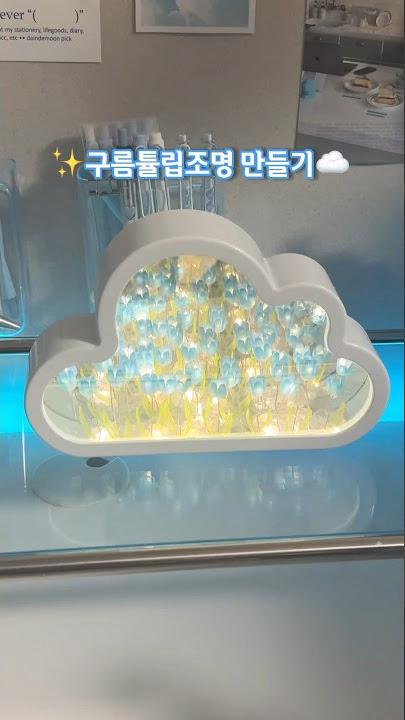 Lampe miroir DIY Cloud Tulip - Blauw, Lampe Miroir Veilleuse Fleur de Tulip  Nuage DIY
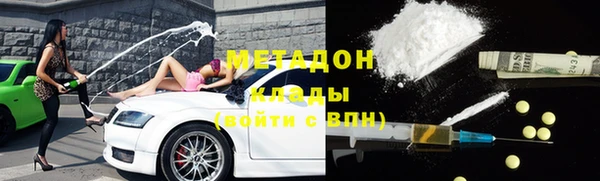 прущая мука Майский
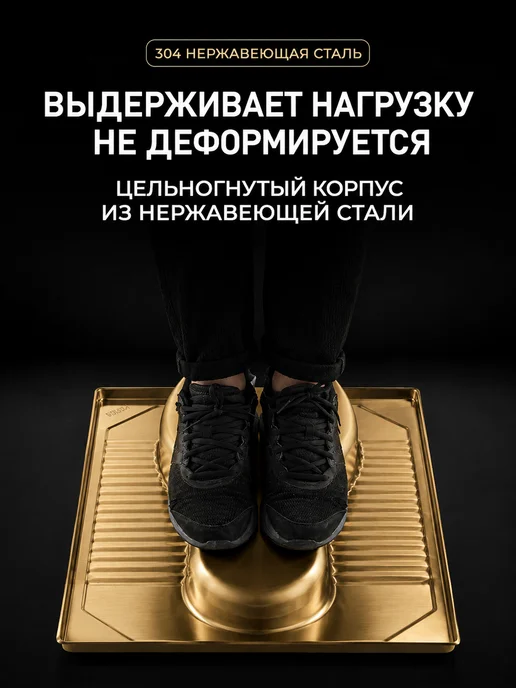 Антивандальный комплект чаши и бачка из нержавеющей стали, желтый, фото 5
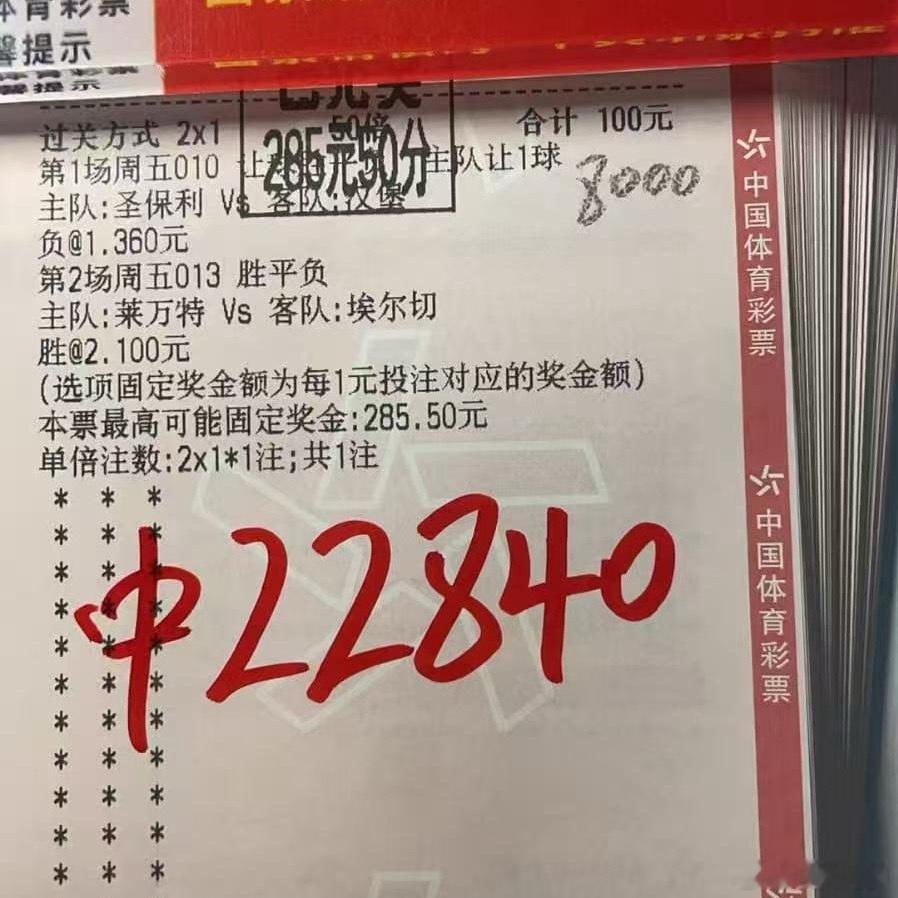 八千搏两万二，看准莱万特主胜，实力落袋！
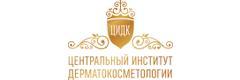 Центральный институт дерматокосметологии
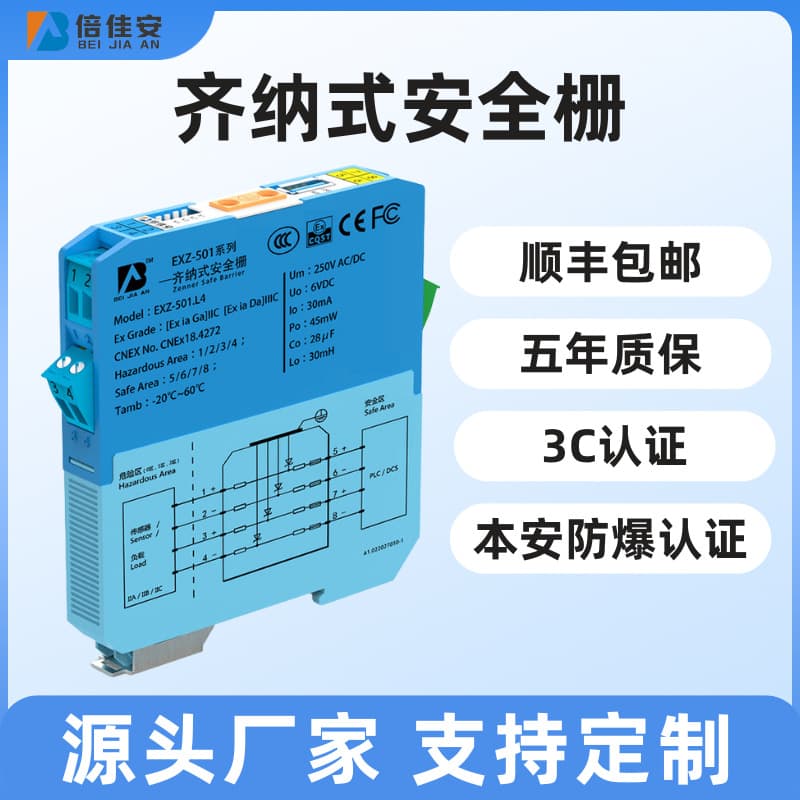 Beijia'an EXZ Series Zener Safety Barrier 5V Intrinsically Safe Power Supply Signal Safety Barrier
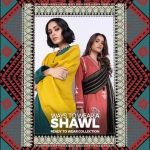 Ready To Wear Ways To Wear A Shawl Collection 2024 By Khaadi (7)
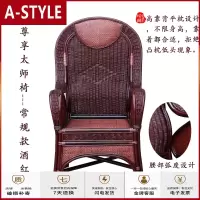 苏宁放心购真藤椅老人休闲高靠背编织椅子领导办公椅加大护腰太师椅滕椅单人A-STYLE家具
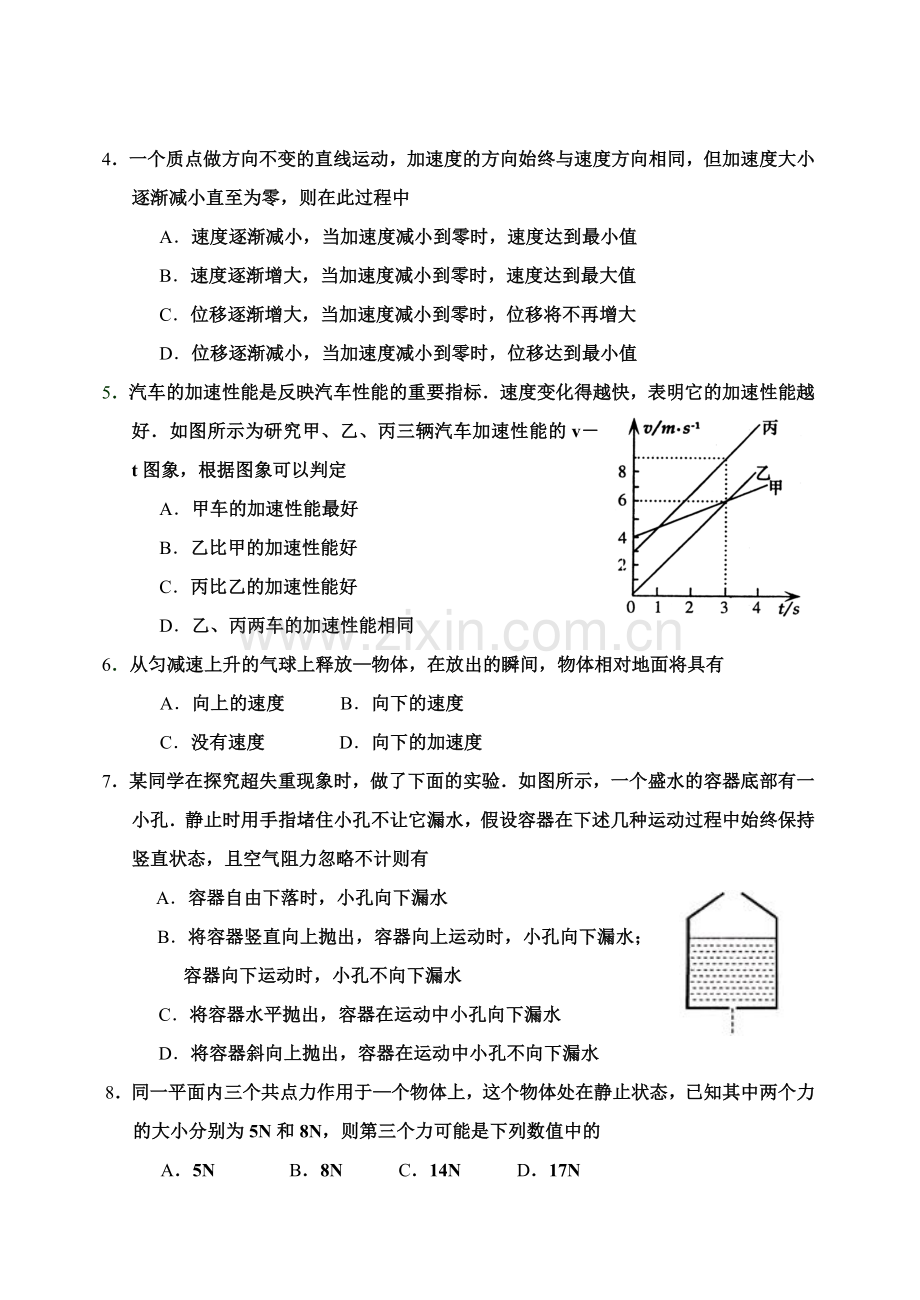 下学期期中考试高二物理试题.doc_第2页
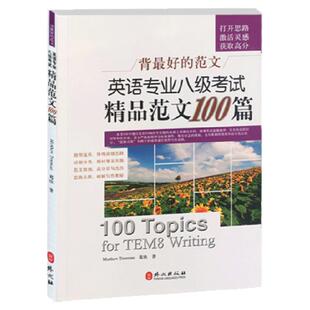 正版2026背zui好的范文 英语专八考试精品范文100篇 可搭配专八真题试卷 专八预测 阅读改错翻译 专八词汇 同时适用英专考研
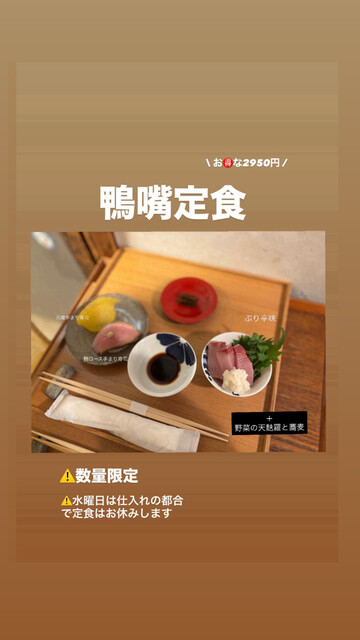Soba Kiri Kamonohashi restaurant in Osaka, Japan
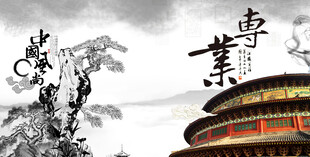 中国风水墨海报
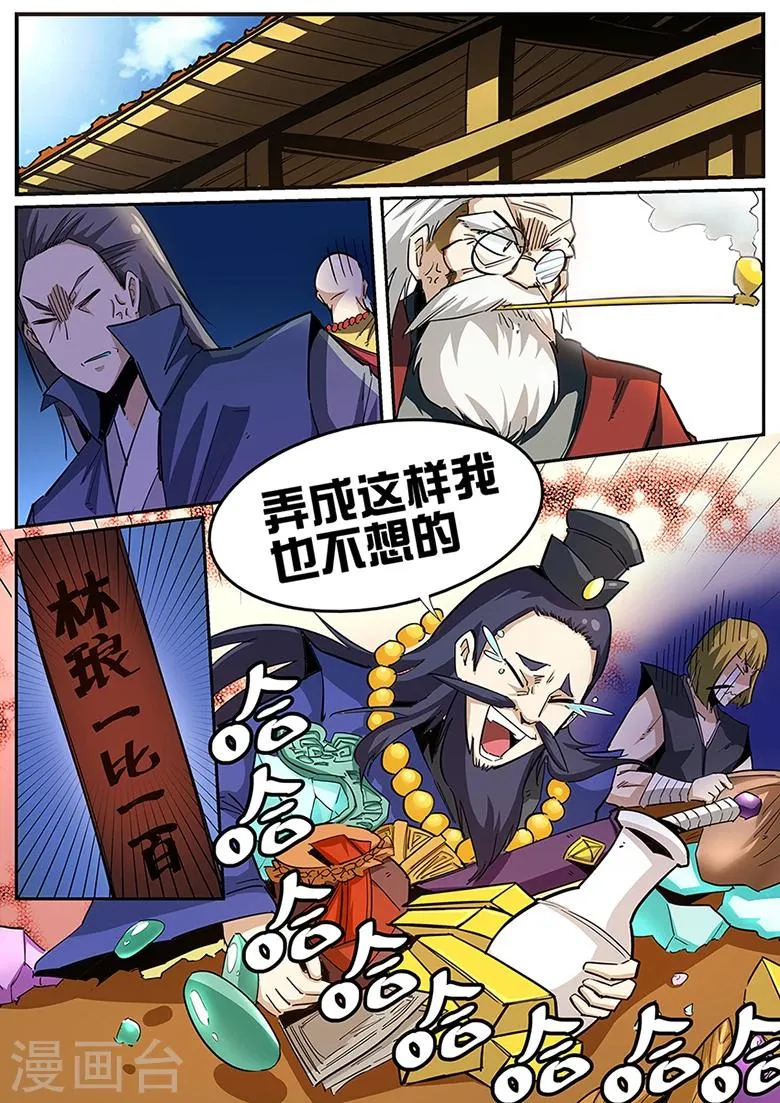 第88话 千云计划 第7页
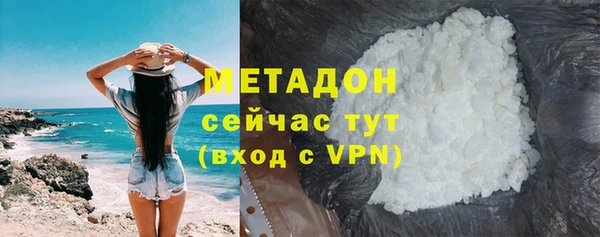 твердый Заводоуковск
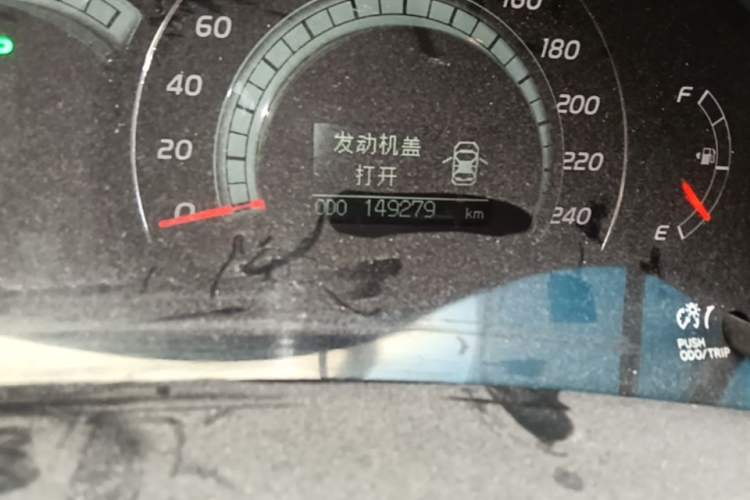 Used Toyota Camry 2007 240G Luxury Edition Odometer Close Up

_Brief_
Could you set down nothing but the lines from the one containing "Антивандальный комплект чаши" through the last line of the records above, both ends included, exactly as given and free of pictures?

_Answer for this exercise_
 Антивандальный комплект чаши и бачка из нержавеющей стали, желтый, фото 5
 八千搏两万二，看准莱万特主胜，实力落袋！
 Центральный институт дерматокосметологии
 Beijia'an EXZ Series Zener Safety Barrier 5V Intrinsically Safe Power Supply Signal Safety Barrier
 Ready To Wear Ways To Wear A Shawl Collection 2024 By Khaadi (7)
 苏宁放心购真藤椅老人休闲高靠背编织椅子领导办公椅加大护腰太师椅滕椅单人A-STYLE家具
 下学期期中考试高二物理试题.doc_第2页
 正版2026背zui好的范文 英语专八考试精品范文100篇 可搭配专八真题试卷 专八预测 阅读改错翻译 专八词汇 同时适用英专考研
Soba Kiri Kamonohashi restaurant in Osaka, Japan
 中国风水墨海报
 第88话 千云计划 第7页
 твердый Заводоуковск
 Used Toyota Camry 2007 240G Luxury Edition Odometer Close Up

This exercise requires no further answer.